*Activity*
From the data below, set down exactly the lines between the one holding "Preview of Serial" and the one holding "Valentine's day Stories", inclusive, and no others.

*Entries provided*
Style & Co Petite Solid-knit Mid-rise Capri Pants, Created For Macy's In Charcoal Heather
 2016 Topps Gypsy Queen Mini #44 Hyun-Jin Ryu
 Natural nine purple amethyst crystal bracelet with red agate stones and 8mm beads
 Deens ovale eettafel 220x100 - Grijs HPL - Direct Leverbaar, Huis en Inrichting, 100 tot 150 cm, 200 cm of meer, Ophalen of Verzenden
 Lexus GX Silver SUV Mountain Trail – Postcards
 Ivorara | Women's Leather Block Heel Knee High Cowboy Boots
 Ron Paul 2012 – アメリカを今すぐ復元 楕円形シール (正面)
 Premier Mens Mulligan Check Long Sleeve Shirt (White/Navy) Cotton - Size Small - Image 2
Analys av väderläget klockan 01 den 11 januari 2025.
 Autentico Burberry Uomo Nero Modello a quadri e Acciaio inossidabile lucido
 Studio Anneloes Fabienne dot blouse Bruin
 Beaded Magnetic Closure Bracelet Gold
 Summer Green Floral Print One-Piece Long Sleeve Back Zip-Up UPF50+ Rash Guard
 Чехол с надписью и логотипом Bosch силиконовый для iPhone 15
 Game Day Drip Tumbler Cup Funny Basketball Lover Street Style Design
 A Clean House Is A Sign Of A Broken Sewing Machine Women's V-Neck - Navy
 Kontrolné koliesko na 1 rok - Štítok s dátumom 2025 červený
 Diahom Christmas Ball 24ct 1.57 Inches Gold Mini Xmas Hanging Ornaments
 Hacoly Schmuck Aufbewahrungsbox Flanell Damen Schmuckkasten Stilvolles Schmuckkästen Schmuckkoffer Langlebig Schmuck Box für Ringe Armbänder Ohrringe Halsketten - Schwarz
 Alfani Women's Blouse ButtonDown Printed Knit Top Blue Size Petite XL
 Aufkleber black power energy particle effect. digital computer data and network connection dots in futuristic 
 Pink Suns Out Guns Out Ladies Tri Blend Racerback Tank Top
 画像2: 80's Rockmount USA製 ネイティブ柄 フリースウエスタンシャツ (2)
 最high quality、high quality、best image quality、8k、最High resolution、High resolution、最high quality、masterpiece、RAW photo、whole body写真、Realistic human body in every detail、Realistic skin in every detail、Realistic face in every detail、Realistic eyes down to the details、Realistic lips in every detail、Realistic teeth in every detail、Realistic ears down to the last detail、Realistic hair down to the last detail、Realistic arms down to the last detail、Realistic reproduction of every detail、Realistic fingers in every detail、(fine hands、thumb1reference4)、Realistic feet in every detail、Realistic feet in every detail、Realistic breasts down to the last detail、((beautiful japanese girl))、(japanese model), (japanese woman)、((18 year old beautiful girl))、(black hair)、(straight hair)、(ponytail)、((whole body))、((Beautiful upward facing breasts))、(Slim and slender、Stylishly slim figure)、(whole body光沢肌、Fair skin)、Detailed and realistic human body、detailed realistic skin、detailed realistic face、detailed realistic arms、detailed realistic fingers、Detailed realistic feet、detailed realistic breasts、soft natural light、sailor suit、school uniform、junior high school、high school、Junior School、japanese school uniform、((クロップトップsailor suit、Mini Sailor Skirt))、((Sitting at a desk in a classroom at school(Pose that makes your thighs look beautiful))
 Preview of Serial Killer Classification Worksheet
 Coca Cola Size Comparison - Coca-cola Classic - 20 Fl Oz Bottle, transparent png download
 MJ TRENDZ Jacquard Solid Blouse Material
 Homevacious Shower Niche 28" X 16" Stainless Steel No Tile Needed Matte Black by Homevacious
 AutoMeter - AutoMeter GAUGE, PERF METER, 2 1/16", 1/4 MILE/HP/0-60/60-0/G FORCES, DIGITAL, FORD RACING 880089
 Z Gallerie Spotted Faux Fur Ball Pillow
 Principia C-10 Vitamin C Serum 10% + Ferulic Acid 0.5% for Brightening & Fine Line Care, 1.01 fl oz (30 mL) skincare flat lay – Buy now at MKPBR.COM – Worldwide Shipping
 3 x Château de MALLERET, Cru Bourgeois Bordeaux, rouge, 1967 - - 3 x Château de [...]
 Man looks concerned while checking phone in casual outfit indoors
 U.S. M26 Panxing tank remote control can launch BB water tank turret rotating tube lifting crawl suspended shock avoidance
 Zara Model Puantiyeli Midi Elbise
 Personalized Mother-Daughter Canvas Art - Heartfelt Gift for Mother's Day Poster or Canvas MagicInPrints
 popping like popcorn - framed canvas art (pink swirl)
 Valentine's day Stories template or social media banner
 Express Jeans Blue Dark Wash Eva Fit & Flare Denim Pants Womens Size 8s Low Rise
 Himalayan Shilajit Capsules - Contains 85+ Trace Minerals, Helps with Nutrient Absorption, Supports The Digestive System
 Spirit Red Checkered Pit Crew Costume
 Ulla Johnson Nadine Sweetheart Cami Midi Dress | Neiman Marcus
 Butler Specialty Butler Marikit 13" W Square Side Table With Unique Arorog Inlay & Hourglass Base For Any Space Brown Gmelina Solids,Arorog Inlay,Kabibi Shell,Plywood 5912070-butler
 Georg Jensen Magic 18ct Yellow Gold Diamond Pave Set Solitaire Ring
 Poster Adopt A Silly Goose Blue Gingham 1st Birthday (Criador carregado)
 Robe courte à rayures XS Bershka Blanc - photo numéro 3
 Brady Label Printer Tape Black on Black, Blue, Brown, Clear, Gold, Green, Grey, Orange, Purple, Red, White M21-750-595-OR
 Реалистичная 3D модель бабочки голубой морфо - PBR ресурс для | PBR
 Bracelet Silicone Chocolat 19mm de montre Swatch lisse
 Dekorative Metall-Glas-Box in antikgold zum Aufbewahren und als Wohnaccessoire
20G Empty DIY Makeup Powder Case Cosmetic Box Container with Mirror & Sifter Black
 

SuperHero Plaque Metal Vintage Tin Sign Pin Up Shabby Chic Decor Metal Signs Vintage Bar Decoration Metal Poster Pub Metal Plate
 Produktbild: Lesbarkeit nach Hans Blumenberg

*Exercise answer*
 Preview of Serial Killer Classification Worksheet
 Coca Cola Size Comparison - Coca-cola Classic - 20 Fl Oz Bottle, transparent png download
 MJ TRENDZ Jacquard Solid Blouse Material
 Homevacious Shower Niche 28" X 16" Stainless Steel No Tile Needed Matte Black by Homevacious
 AutoMeter - AutoMeter GAUGE, PERF METER, 2 1/16", 1/4 MILE/HP/0-60/60-0/G FORCES, DIGITAL, FORD RACING 880089
 Z Gallerie Spotted Faux Fur Ball Pillow
 Principia C-10 Vitamin C Serum 10% + Ferulic Acid 0.5% for Brightening & Fine Line Care, 1.01 fl oz (30 mL) skincare flat lay – Buy now at MKPBR.COM – Worldwide Shipping
 3 x Château de MALLERET, Cru Bourgeois Bordeaux, rouge, 1967 - - 3 x Château de [...]
 Man looks concerned while checking phone in casual outfit indoors
 U.S. M26 Panxing tank remote control can launch BB water tank turret rotating tube lifting crawl suspended shock avoidance
 Zara Model Puantiyeli Midi Elbise
 Personalized Mother-Daughter Canvas Art - Heartfelt Gift for Mother's Day Poster or Canvas MagicInPrints
 popping like popcorn - framed canvas art (pink swirl)
 Valentine's day Stories template or social media banner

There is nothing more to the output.